Dün bahsettiğimiz yazının devamı:
* Gençliğinde Bediüzzaman’a ziyaretlerde bulunan ve lâhikalarda Seyyid Salih olarak adı geçen Özcan, daha sonra genelde münferit olarak çalışmış, Arap dünyasındaki İslamî hareketlerle irtibatlar kurmuş, sahibi olduğu Hilal Yayınevi ve Hilal dergisi vasıtasıyla Seyyid Kutup ve Mevdudî gibi isimlerin eserlerini Türkçeye tercüme ederek yayınlamış bir isim. Risale-i Nur’un dahilî ve haricî bilumum cereyanlardan bağımsız ve orijinal hizmet metoduyla pek örtüşmeyen bu yaklaşımın, Özcan’la Zübeyir Gündüzalp başta olmak üzere önde gelen Nur talebeleri arasında yol açtığı ihtilâfa dair bilgiler ilgili kaynaklarda mevcut.
* Hilal Yayınlarında doğrudan-dolaylı bir “derin yönlendirme” olup olmadığı konusu, (Hamza Türkmen’in yaptığı) bu açıklamalar muvacehesinde değerlendirilebilir mi?

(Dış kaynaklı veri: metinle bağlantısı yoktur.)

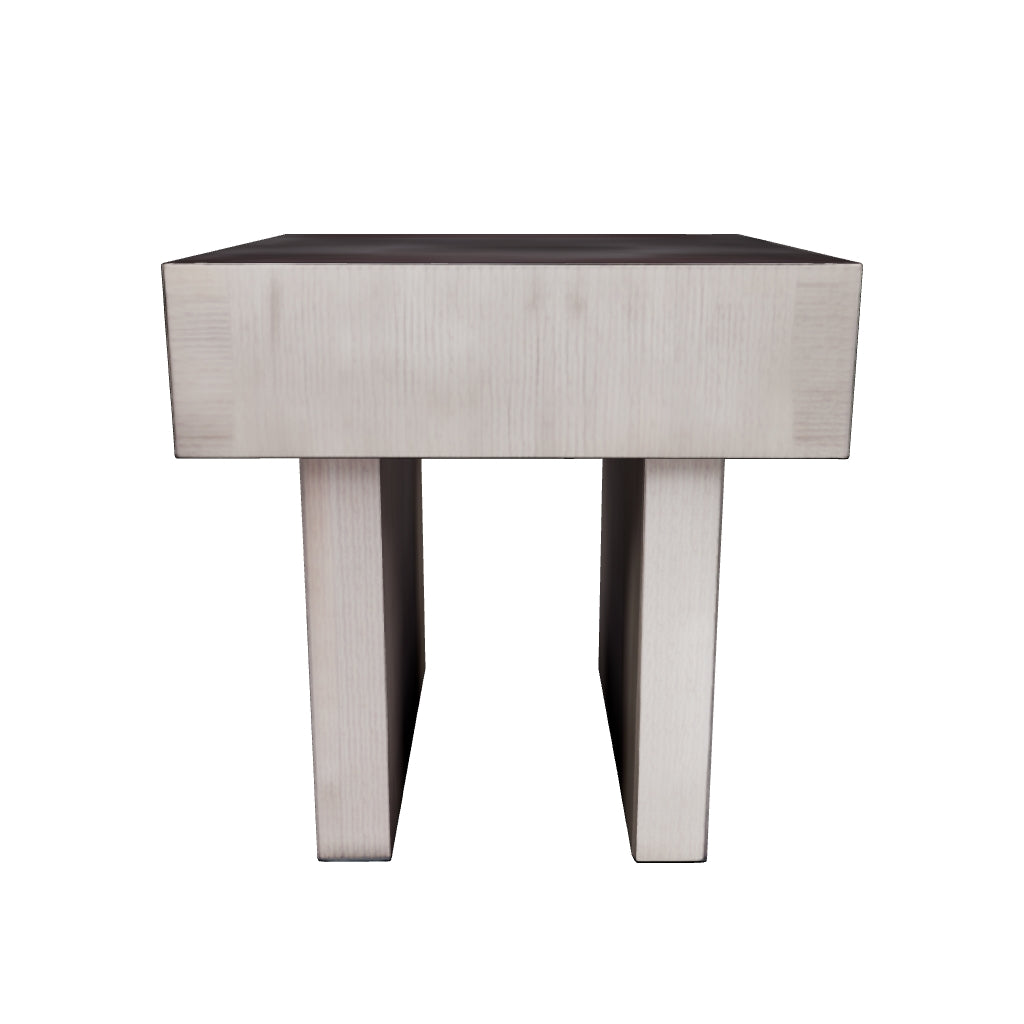 Jorlaina - Light Grayish Brown - Square End Table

* Demokratları deviren Kemalistlerin hazırladığı 61 Anayasası solun önünü açmış. Bu durum Kemalist sistem tarafından bir tehdit olarak algılanma aşamasına gelindiğinde de çare, İslamı ideolojik yaklaşımlarla yorumlayıp “önce devlet” vurgusu yapan cereyanların MİT organizasyonu ile topluma lanse edilmesinde aranmış. Hedef, solcu, komünist, Marksist hareketin dizginlenmesi.